In difesa del senatore sono intervenuti gli uomini dell'ex presidente Bill Clinton. Madeleine Albright, l'ex segretario di Stato, ha definito ineccepibili sul piano politico le argomentazioni di Kerry. Nell'intervista al New York Times , ha sottolineato, Kerry ha rimproverato a Bush di non fare nulla per spegnere un focolaio del terrorismo, il conflitto tra israeliani e palestinesi, anzi di essersi «disimpegnato dalla Road map, la strada della pace, una grave miopia». E Joseph Nye, l'ex direttore del National intelligence council, autore del celebre trattato Soft Power , ha rinfacciato a Bush di avere adottato una nuova giustificazione per la guerra preventiva.

«Nel caso dell’Iraq la prima giustificazione fu che rappresentava una minaccia terribile e immediata perché possedeva armi di sterminio - ha affermato -. Poi che aveva la capacità di produrle. Ma oggi il presidente sostiene che bastava il fatto che volesse procurarsele». A parere di Nye, quello del processo alle intenzioni è un principio inaccettabile. Ma i clintoniani stessi ammettono che il voto sulla guerra al terrorismo sarà emotivo non razionale e che per gli elettori sarà difficile distinguere tra di essa e la guerra all'Iraq. Se ciò emergesse come fattore decisivo alle urne, vincerebbe Bush. A tre settimane dalle elezioni, i sondaggi rimangono infatti contraddittori e la corsa pare più incerta che mai. Quello della tv Abc e del Washington Post vede in testa Bush con il 51 contro il 46 per cento dei voti, quello Zogby-Reuters dà Kerry primo con il 47 contro il 44 del presidente. Anche l’ultima rilevazione Cnn/Usa Today vede in vantaggio lo sfidante (49 a 48).

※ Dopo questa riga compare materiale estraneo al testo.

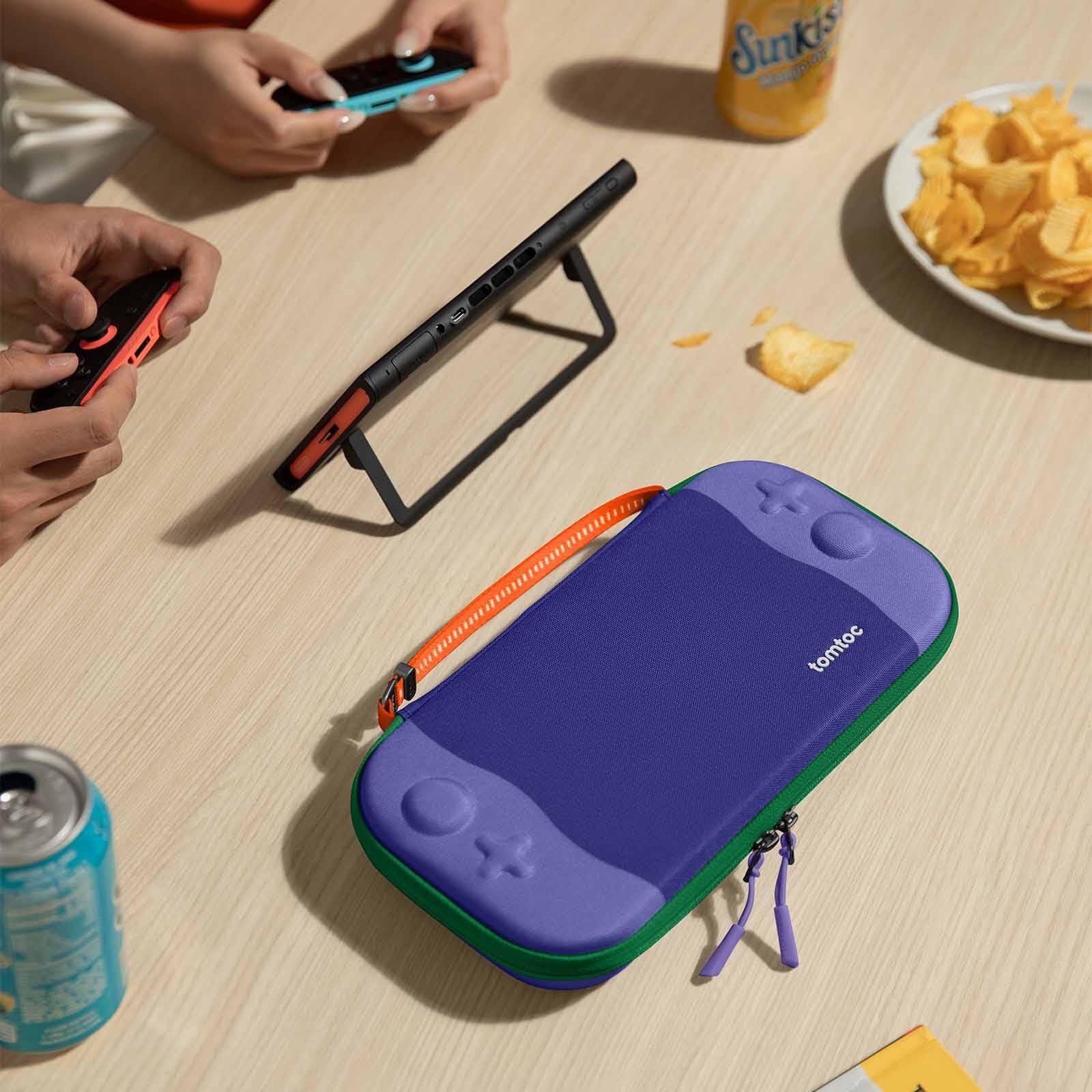 TOMTOC Fancycase-g05 Switch 2 Slim Case - Blueberry G05S3V2-image 13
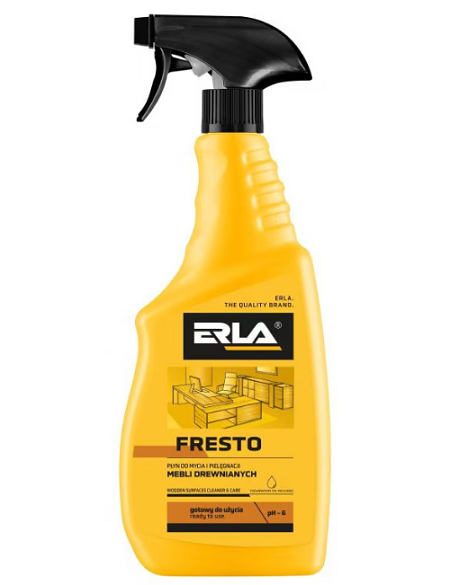 Solutie K2 ERLA FRESTO R1041 pentru curatat suprafete din lemn, 750 ml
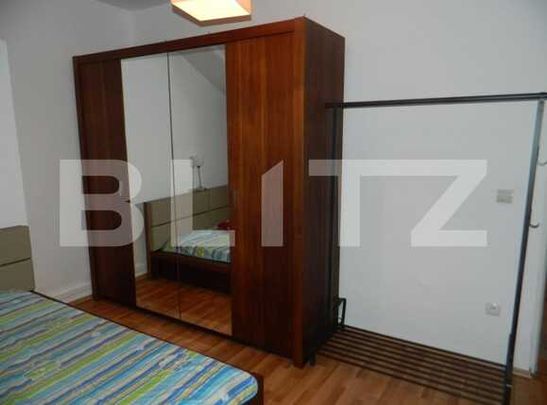 4 camere, 100 mp, prima inchiriere, mobilat modern, zona Facultatii de Litere - Fotografie 1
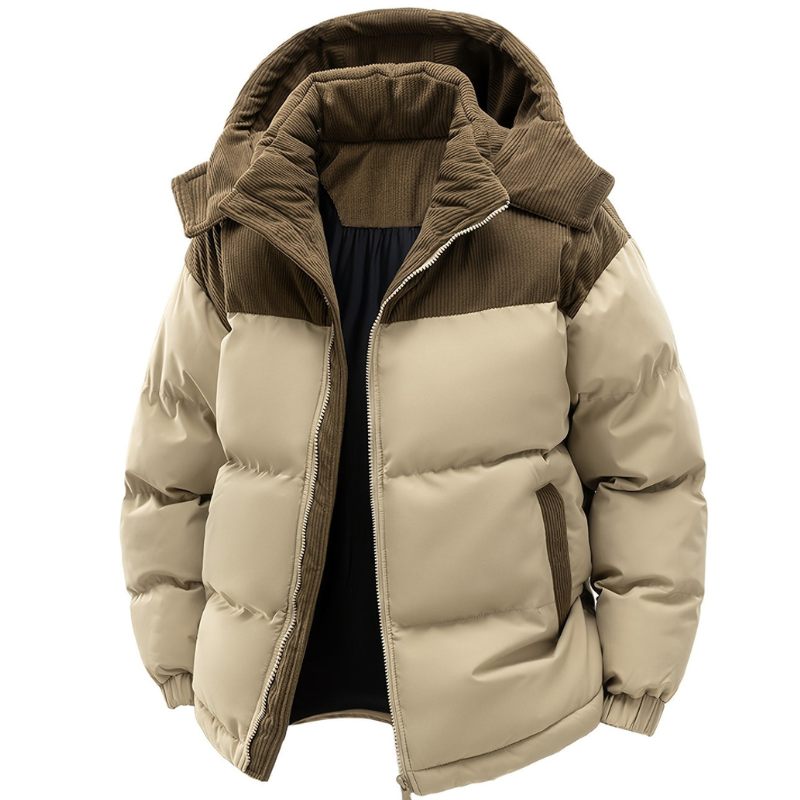 Piumino da uomo per giornate invernali
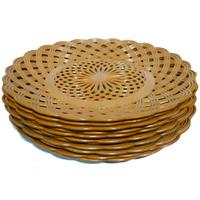 Gambar Piring Rotan Plastik dari Toko Pantes undefined 3 Tokopedia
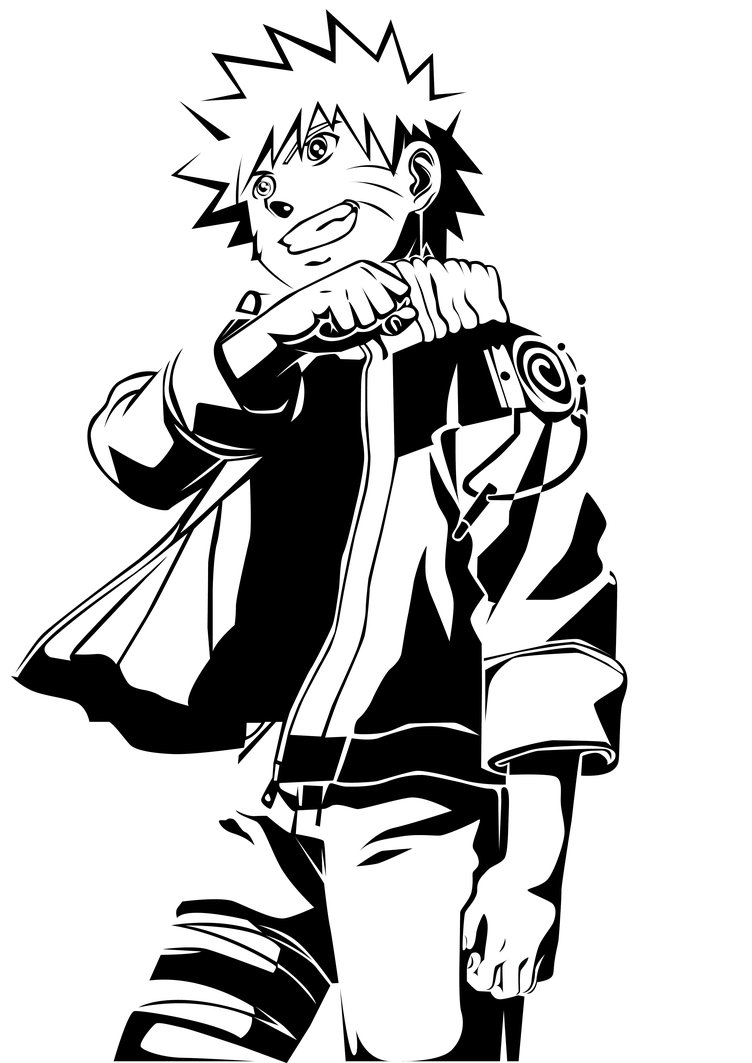 Naruto Vector at GetDrawings Free download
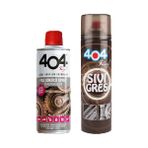 404 Sıvı Gres + Pas Sökücü Sprey Seti - 404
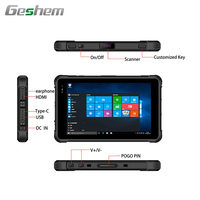 Tableta Industrial Resistente al Agua y a los Golpes Geshem Octa Core de 8 Pulgadas con Windows 10, 4G e IP67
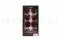 Preserved English Rose Wine Red (x8) 7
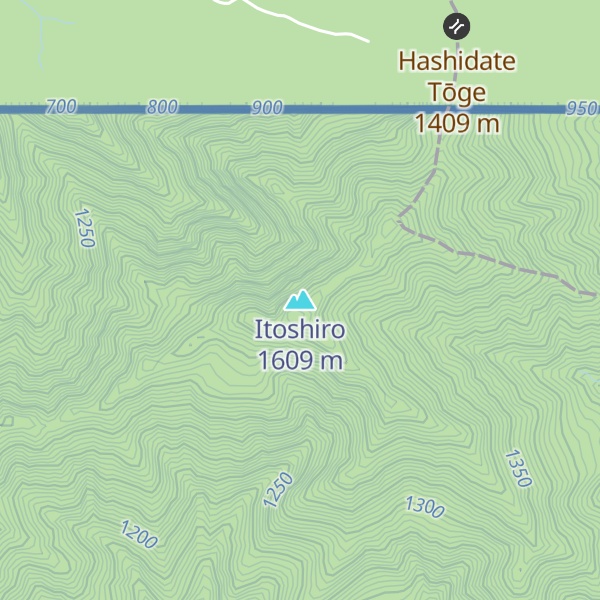 Map of Itoshiro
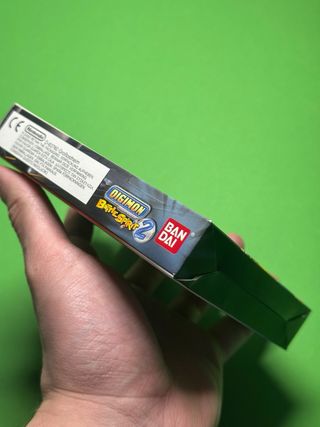 IMPOLUTO Digimon Battle Spirit 2 GBA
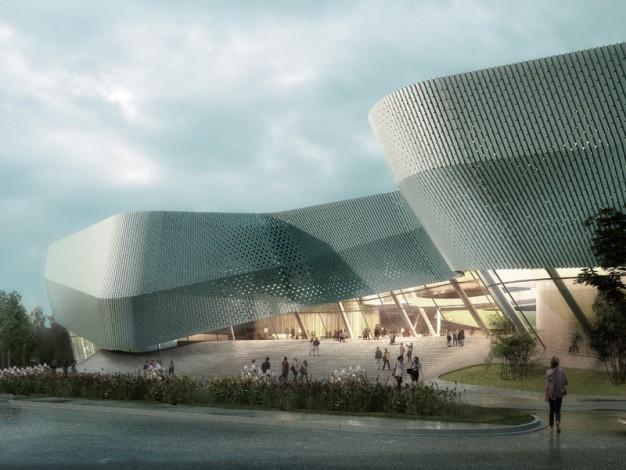 寧波城市規(guī)劃展示館設計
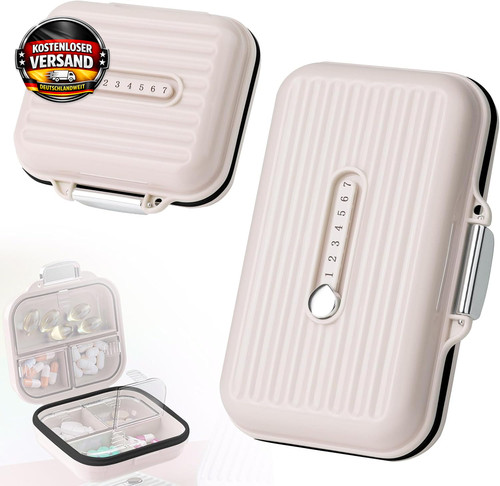 Tablettenbox tage - tablettenbox, 7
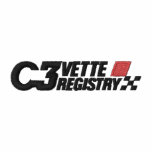C3VR Logo Embroidered Light Polo Shirt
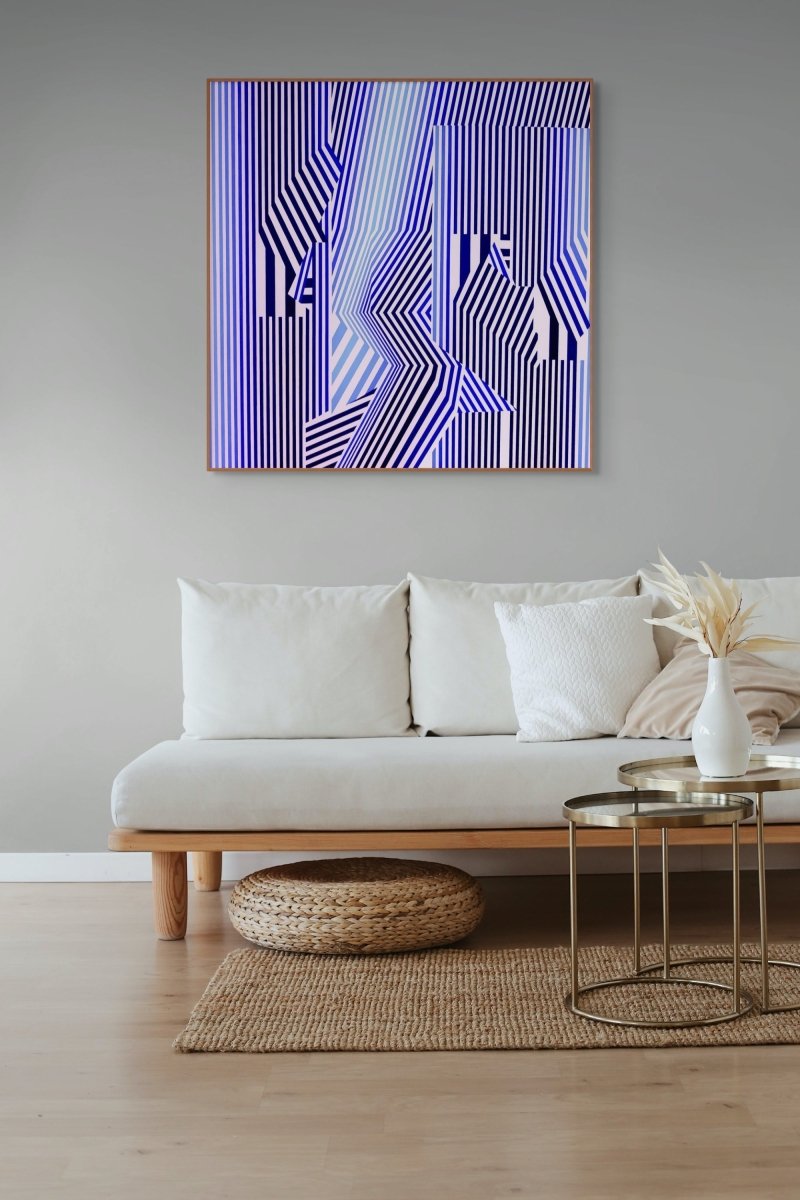 SYSMO - by Cristina Ghetti - Abstract Painting - Ideelart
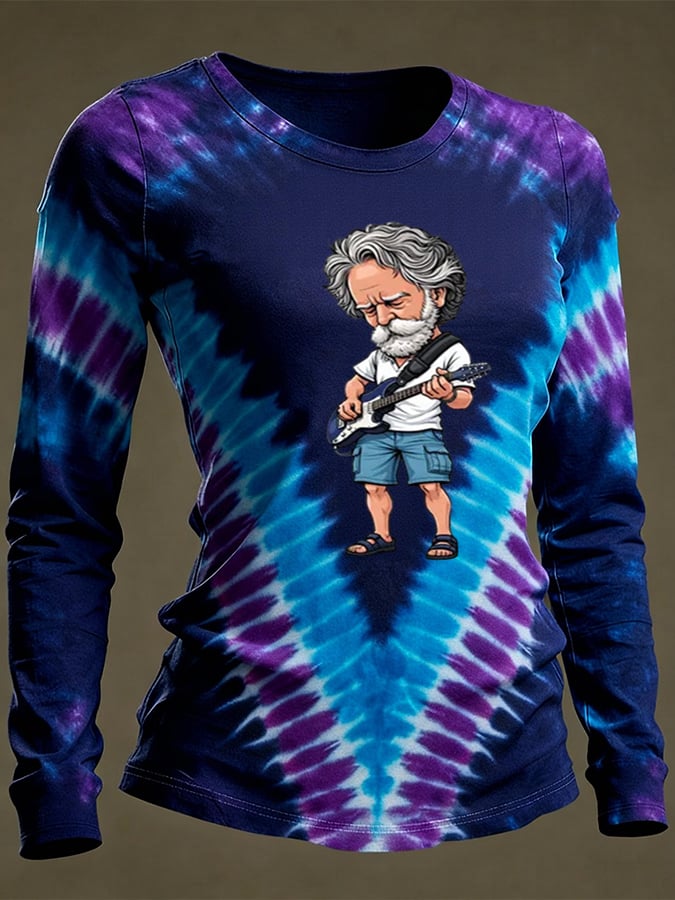 🔥Buy 3 Get 15% Off Women's RIPBob Weir Print Top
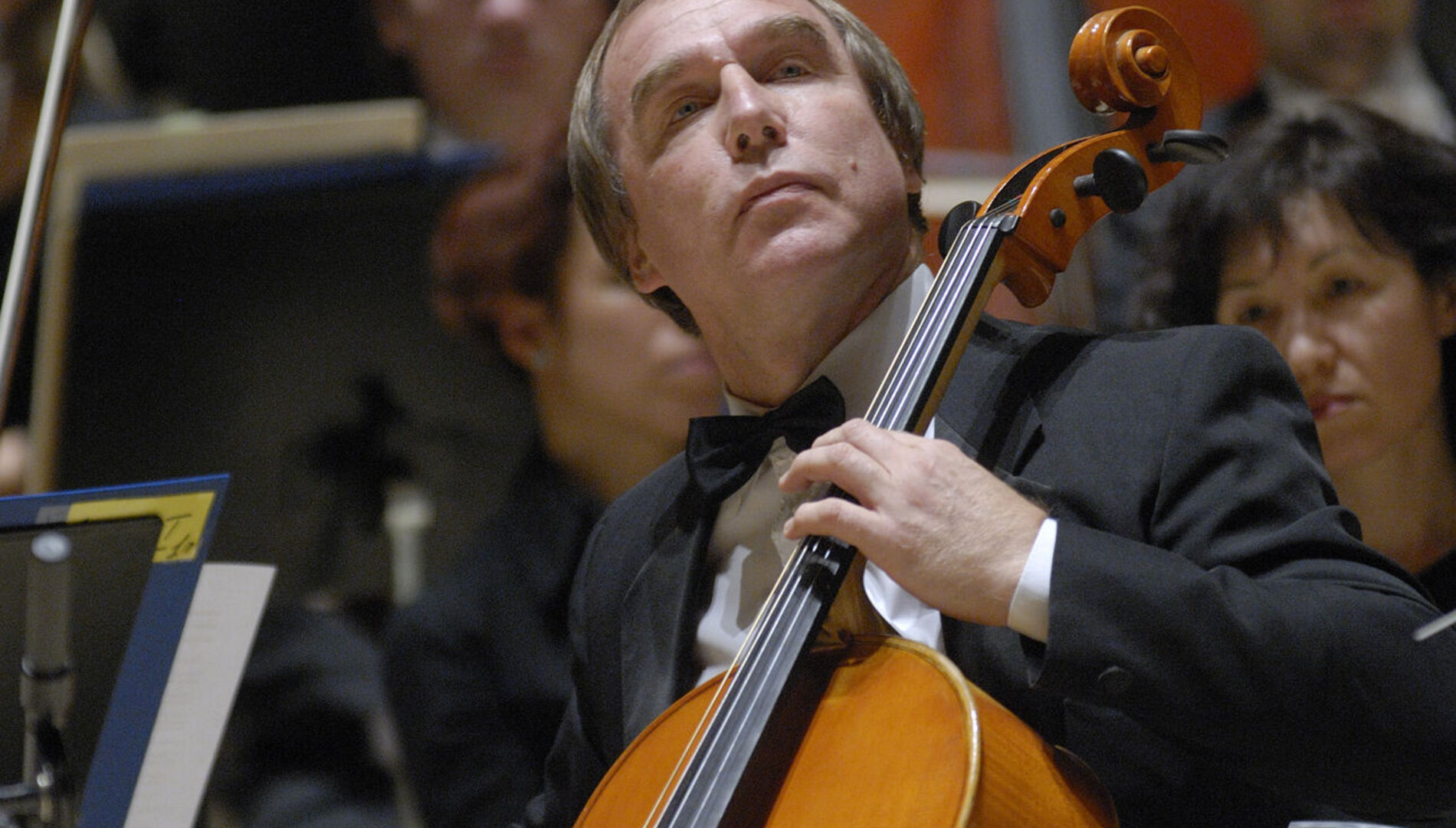 Оркестр Московской филармонии,
Юрий Симонов,
Сергей Ролдугин, Павел Милюков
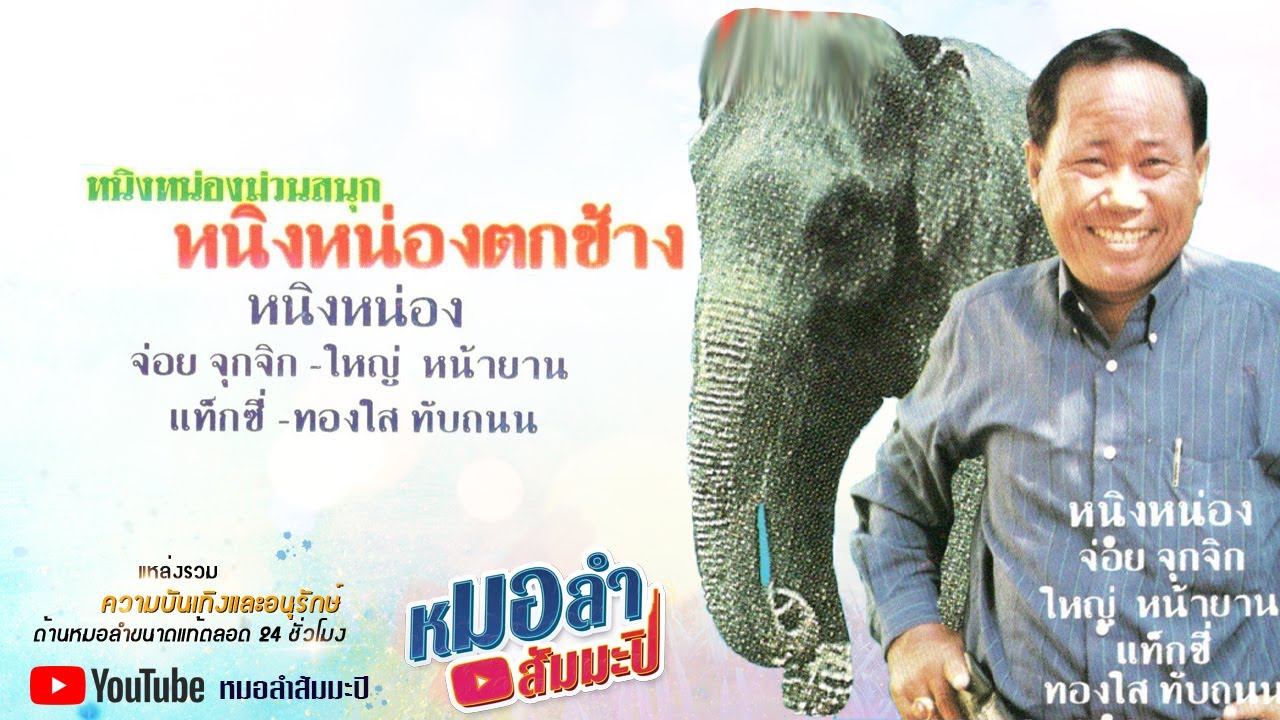 หนิงหน่องม่วนสนุก ชุด หนิงหน่องตกช้าง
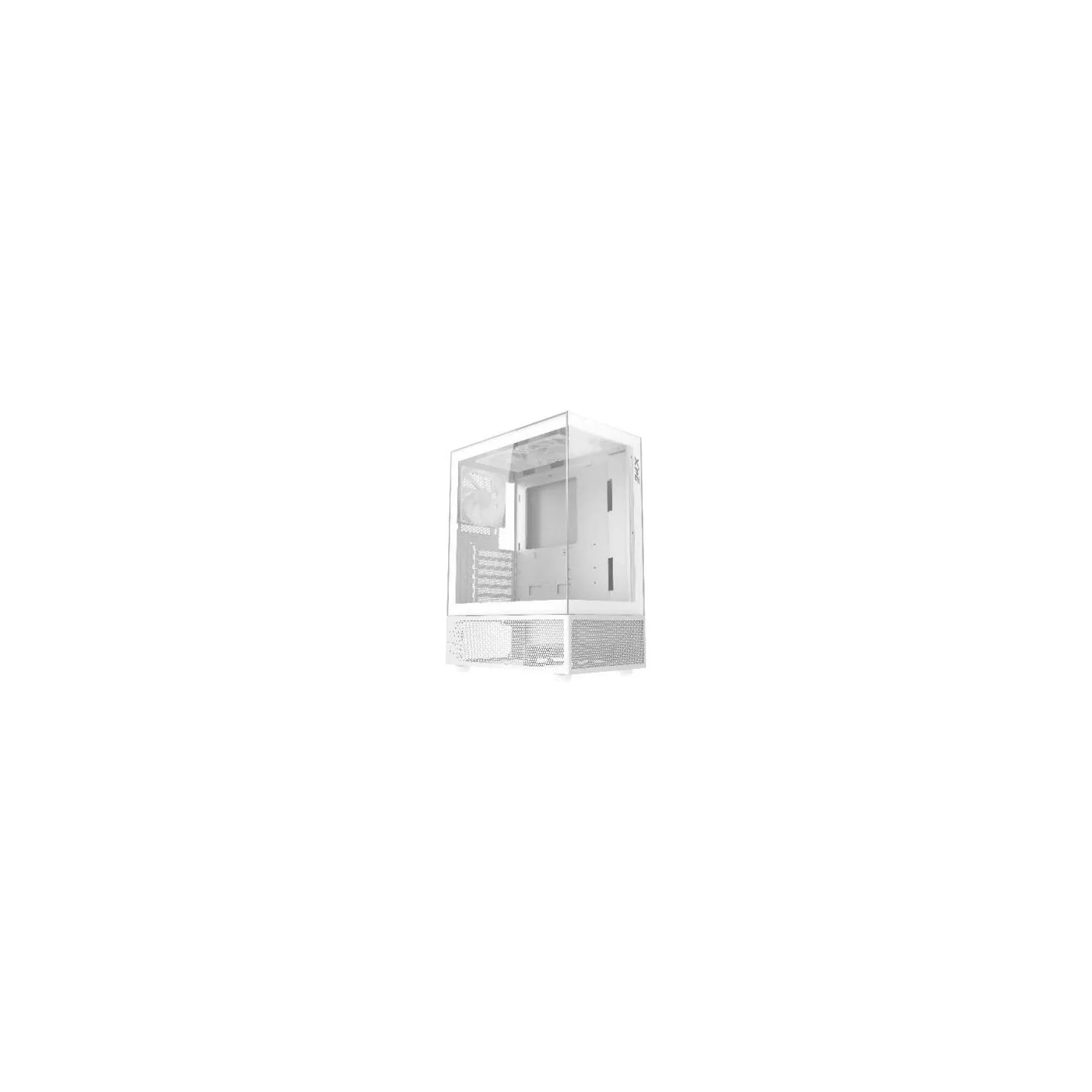 A-Data Case|ADATA|INVADER X MINI|MidiTower|Case product features Transparent panel|ATX|MicroATX|MiniITX|Colour White|INVADERXMIN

E' la conferma che il dibattito alla tv in Arizona sarà cruciale. Ma ancora più importanti potrebbero essere i blitz televisivi. I repubblicani ne preparano uno simile a quello di agosto sul servizio militare di Kerry in Vietnam che potrebbe demolirne la credibilità. Tra una settimana la catena Sinclair , che appoggia Bush e raggiunge il 25 per cento dei telespettatori, trasmetterà un documentario in cui lo accuserà di avere tradito i commilitoni prigionieri di guerra ad Hanoi. Il documentario riguarderà la denuncia del conflitto vietnamita fatta da Kerry al Congresso nel '71: «I nemici la usarono - sosterrà - per minare il morale dei nostri soldati caduti nelle mani del nemico».